Now, what REALLY surprised me in these vignettes wasn't that Leona knows how to boss around his peers and put their strengths to use (for example, he tells Vil, who has an eye for detail, to look over the embroidery, and Idia, who is a science and math whiz, to handle difficult calculations). It's that Leona is also perfectly aware of the abilities of the Halloween Town residents--people he has only known for less than three days--and uses them and their skills well too. That's an insanely short amount of time to get to know an entire TOWN'S worth of people and what each of them are like... yet he just pulls it off effortlessly????? HUH... This earns him the praise of Dr. Finkelstein, the mayor, Jack, Sally, and Skully. Sally in particular highlights Leona's strengths very concisely, stating that he can accurately assess the situation and give appropriate directions on how to act in that situation. Skully adds that Leona technically doesn't move himself or do any of the dirty work, he's focused solely on giving orders. This makes him a "king" and a leader of equal standing as Jack Skellington. And then Skully--SKULLY, THE OBSESSED HALLOWEEN OTAKU THAT THINKS HALLOWEEN SHOULD BE A VERY SPECIFIC WAY--says that Halloween was made possible by not one, but two great kings this year. It just goes to show how much one can truly accomplish when not barred by a negative environment and a lack of social support.

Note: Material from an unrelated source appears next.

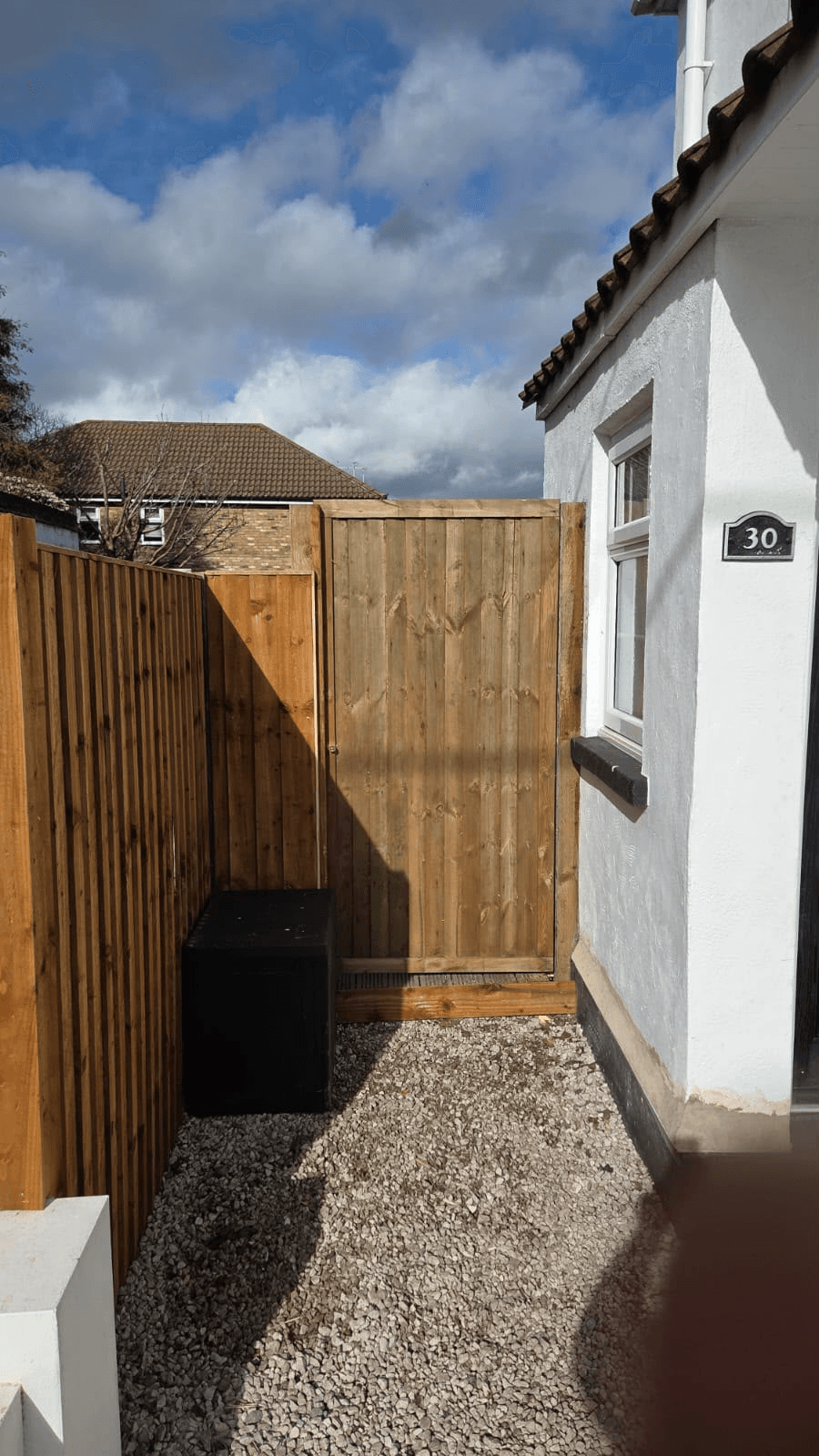 Completed timber fence and gate on exterior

One definition of "king" that is offered in these vignettes is "the one who can bring everyone together". That's certainly something that both Leona and Jack do, albeit in very different ways. But then, at the end of the Halloween Town segment of the vignettes, Leona acknowledges that "king" can be defined another way. He realizes that Jack is recognized as king not just because he's a leader, but because he's also needed and loved by the townspeople. This, too, is a "king". However, it seems that this is a definition that Leona somewhat looks down upon, as he basically apologizes to Jack for not thinking highly of him at first. Again, Leona prioritizes getting shit done, no matter what the cost of it may be--and even if it earns him the ire of others. This, as I said earlier, puts him in stark contrast to Jack, as well as his own older brother. But here and now, we have Leona finally seeing the strength that a different kind of ruling can have instead of always speaking so disparagingly about it. Even if it's just a little... it feels like he's growing and learning, doesn't it?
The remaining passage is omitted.